The hardest thing to get is that Monads aren't quite as "tangible" (not sure
of a better word) as concepts like variable, object, property, instance,
function, method. They are essentially relational and require something of a
mental leap akin to coming to grips with how JavaScript's event loop is bound
up in the control flow of your code, which otherwise proceeds from top to
bottom of a .js file; or the rules governing closures and asynchronous
function evaluation in this or that language.

The following is reprised from one of my HN comments in 2013.

\-------

Monads are _programming patterns_ which relate a set of values to a set of of
functions – that's pretty much it! For any monad X, we can say that a function
is monadic if it returns a value in the X Monad. The set of values are
precisely those such that the following three Monad Laws[1] hold:

[ Using JavaScript syntax, they can be approximated as... ]

Left Identity

    
    
        mBind( mReturn(a), f ) == f(a);
        // => true
      
    

Right Identity

    
    
        mBind( mReturn(a), mReturn ) == mReturn(a);
        // => true
      
    

Associativity

    
    
        mBind( mBind( mReturn(a), f ), g ) == mBind( mReturn(a),
                                                     function(a) {
                                                         return mBind( f(a), g );
                                                     } );
        // => true
    

Above, `a` is (basically) any value, while `f` and `g` are any monadic
functions for the same Monad. The definitions of `mBind` and `mReturn` will
vary depending on the Monad, but the same laws (and sometimes additional
properties) hold for each group of things taken as a whole – the monadic
values, monadic functions, and the `mBind` and `mReturn` pair for those values
and functions.

As you can see, there is nothing special that requires a statically typed
language. That being said, if your language is statically typed, and even more
so if its type system has advanced capabilities (e.g. Haskell's type system),
then the relationships between the monadic values and functions can be
leveraged to do a number of useful things, e.g. catching a host of bugs at
compile time (though that's true regardless of Monads).

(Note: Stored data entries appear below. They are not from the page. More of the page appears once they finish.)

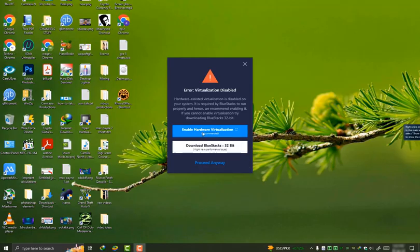Hey guys, in this video I'm going to show you how to fix BlueStacks 10 error virtualization disabled.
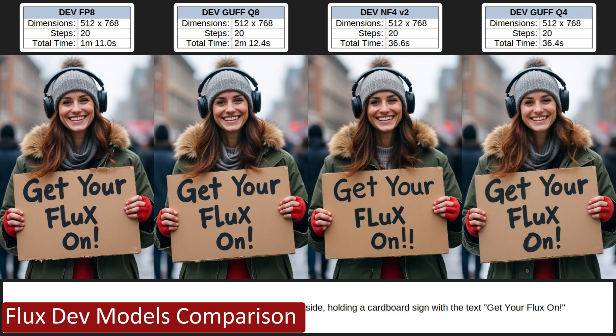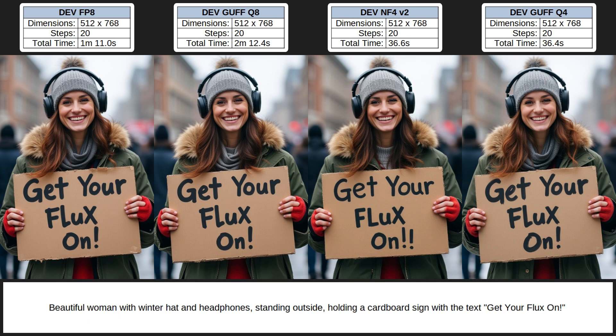Now the first Dev model image comparison. Again, you can see the model generation key details above each image and the same prompt at the bottom. I used 20 sampling steps for all the Dev images. The images all seem pretty similar at first. For overall image quality the FP8 and Q8 images have more detail, so both get a 5. The Q4 is pretty close with a 4, and the NF4 is just lacking compared to the others, so only a 3. For prompt adherence they're all spot on — a 5 across the board. For text adherence there's noticeable improvement over the Schnell models, although all Dev models added a capital 'L' in 'flux' instead of a lowercase 'l', so a 4 for all images.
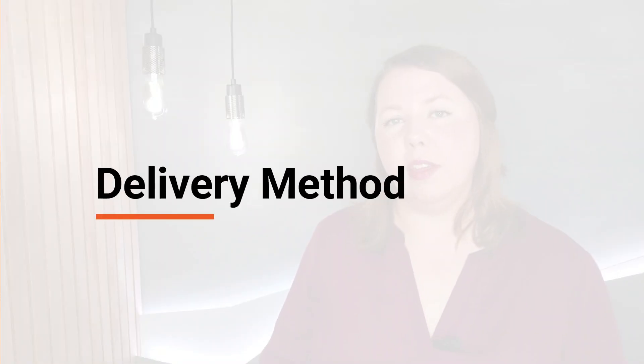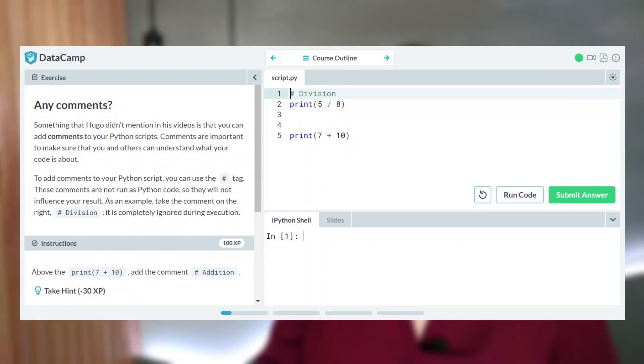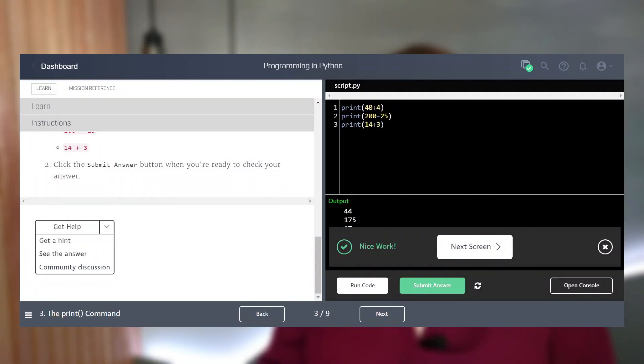One of the main differences is the delivery method. In DataCamp, you'll get videos before each lesson and then go through exercises. DataQuest, on the other hand, focuses on written lessons before you go into the exercises. So it really comes down to which way you prefer to have that information delivered.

If your language is dynamically typed, then you won't get those extra
benefits, but you can still take advantage of the fact that Monads can
abstract away a great deal of plumbing between various pieces of your program.

Sometimes the _Monad patterns_ will appear in a language under another name,
or will be used "under the hood" to implement a particular API.
Clojure/Script's `let` for example is essentially the Identity Monad; and its
`for` is very much akin to the List Monad (the same is true for list
comprehensions in other languages). The core.async library involves an
inspiring application of the State Monad pattern[2].

[1]
[http://en.wikipedia.org/wiki/Monad_(functional_programming)#...](http://en.wikipedia.org/wiki/Monad_\(functional_programming\)#Monad_laws)

[2]
[https://github.com/clojure/core.async/blob/master/src/main/c...](https://github.com/clojure/core.async/blob/master/src/main/clojure/clojure/core/async/impl/ioc_macros.clj#L56)

[&]
[https://github.com/clojure/core.async/blob/master/src/main/c...](https://github.com/clojure/core.async/blob/master/src/main/clojure/cljs/core/async/impl/ioc_macros.clj#L46)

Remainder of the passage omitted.